Output and Employment

The unemployment problem in Africa has been grave for a long time now and as the latest evidence reveals it is clearly on the increase. In spite of the limitation of the data, available evidence points to the fact that unemployment increased from 7.7 per cent in 1978 to 22.8 per cent in 1990 and is projected to increase to 30 per cent by the year 2000. On the other hand, underemployment is estimated to affect 100 million Africans. 76

Employment is basically a function of the interaction between supply and demand factors. On the supply side, the major determinant is the population growth rate, reinforced by the pace of urbanisation and the expansion of education. The major factor on the demand side is the rate of growth of output in conjunction with its employment elasticity, factor intensities in production, and relative factor prices.
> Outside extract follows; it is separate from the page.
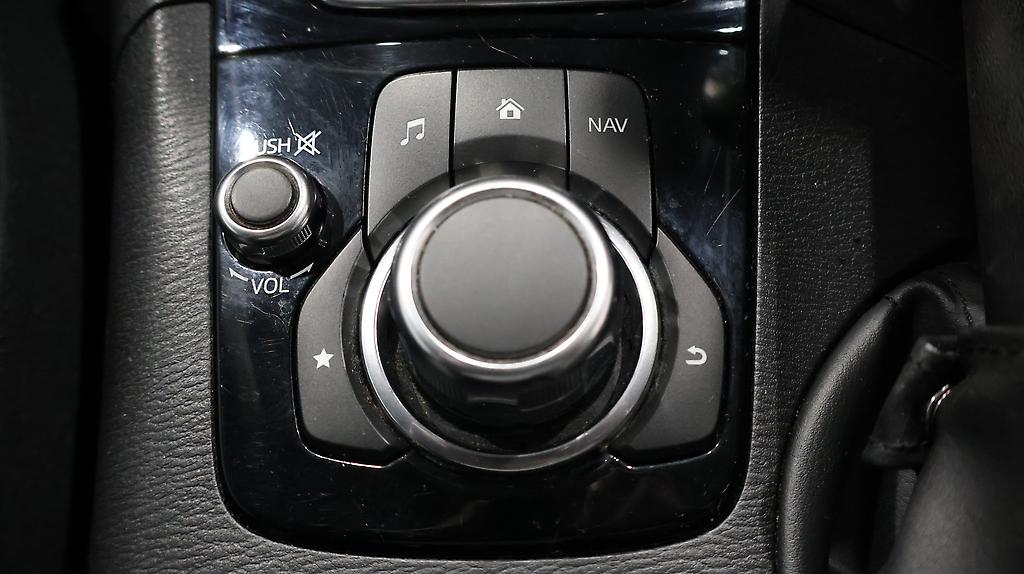 2015 Mazda Axela Sports 20S Touring image 337689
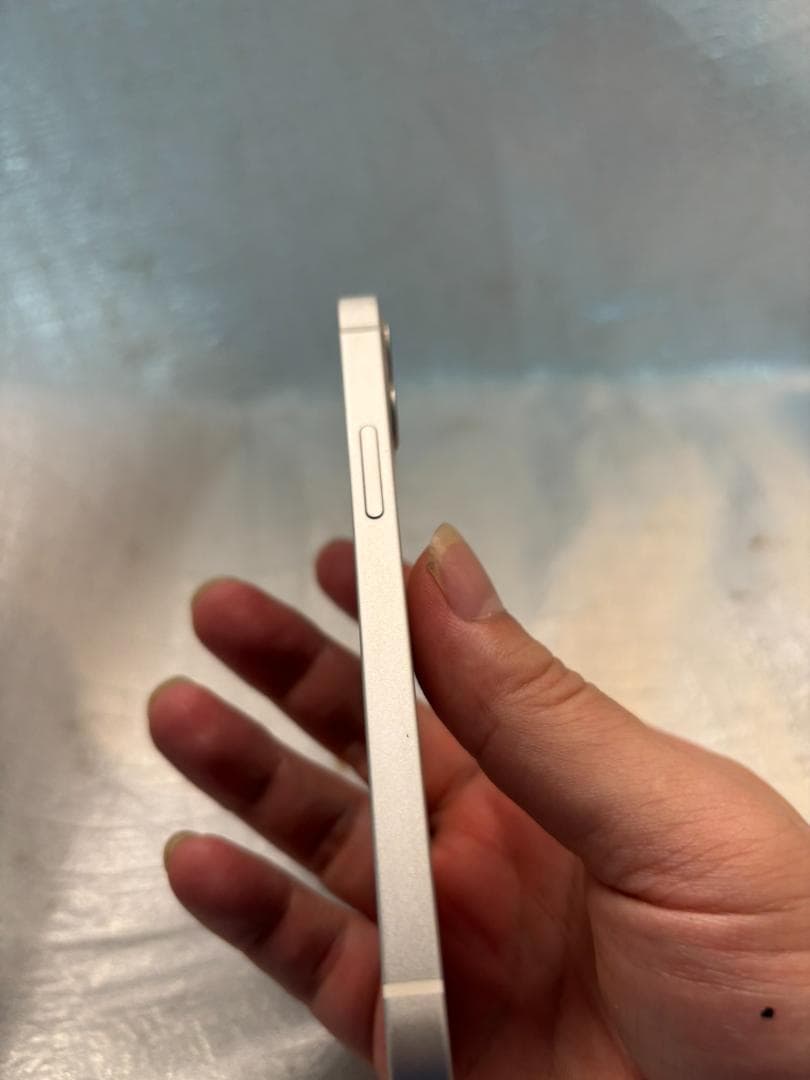 iPhone 12 mini ホワイト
A new dimension of the demand factor is the massive retrenchment of labour that almost invariably accompanies the implementation of Structural Adjustment Programs (SAPs).

In many countries, the interaction of these forces has given rise to a situation in which growth in formal sector employment has tended to lag considerably behind growth in output, a phenomenon which HDR93 describes as "jobless growth" or "growth without employment". However, the African situation cannot usefully be described as growth without employment; it would be more accurate to characterise it as "neither growth nor employment". Between 1973 and 1987, for example, the average annual growth rates of GDP and employment were 2.6 per cent and 2.3 per cent, respectively, 77 both of them lower than the rate of growth of the labour force. Thus, the poor employment record of African countries is a result of the dynamic interaction between fast population growth on the one hand, and poor economic performance on the other. According to ILO/JASPA, nearly six million people join the African labour force every year, whereas the formal sector engages less than 10 per cent of the total labour force.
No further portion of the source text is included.